Atmospherically-driven tsunamis or meteotsunamis are generated by atmospheric disturbances with steep gradients of pressure and/or wind. In recent years, meteotsunamis have received more attention from the tsunami modelling community. Although their destructive potential might be less severe than for earthquake or landslide generated tsunamis, their frequency is much higher. The two main processes driving the most extreme meteotsunami events are the offshore amplification of the ocean long-waves due to Proudman or Greenspan resonances (i.e., when the atmospheric disturbance travels at the same speed than the long-waves) and, nearshore, the amplification factor of the shelfs, bays or inlets (i.e., resonance frequency associated to the nearshore geometry). As meteotsunamis have a high dependence on the nearshore geometric characteristics, they often occur at known hotspot locations such as along the coastlines of Croatia, the Balearic Islands, Sicily, Malta, the Nagasaki Bay or the Baltic Sea. One of the highest meteotsunami waves ever witnessed (with conservative estimate of up to 6 m in height) took place in Vela Luka (Adriatic Sea, Croatia) on the 21^st of June 1978.

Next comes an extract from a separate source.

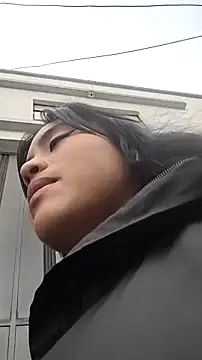 bella warzon online show from November 2025 09:18:02 PM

Meteo-HySEA is a GPU accelerated code developed by EDANYA group from the University of Málaga which incorporates the atmospheric forcing together with additional terms such as the Coriolis force and the wind drag to simulate meteotsunami events. After successfully benchmarking the code to replicate laboratory experiments on Proudman resonance and a real-world test case in the Gulf of Mexico using actual topobathymetric data and synthetic pressure data, this updated version of the code introduces the capability to use multiple grids with varying resolutions in a single simulation. This enhancement provides more accurate modelling of Greenspan resonance effects and enables the computation of high-resolution meteotsunami inundation.

The Adriatic Sea was selected as an ideal starting point to showcase the reliability of Meteo-HySEA, given its extensive historical record of meteotsunami events and readily available meteotsunami data. Future efforts will focus on comparing the performance of this code with other existing tools designed for meteotsunami simulations.

Acknowledgments: This contribution was supported by the EU project “A Digital Twin for Geophysical Extremes” (DT-GEO) (No: 101058129) and by the Center of Excellence for exascale in Solid Earth (ChEESE-2P) funded by the European High Performance Computing Joint Undertaking (JU) under grant agreement No 101093038.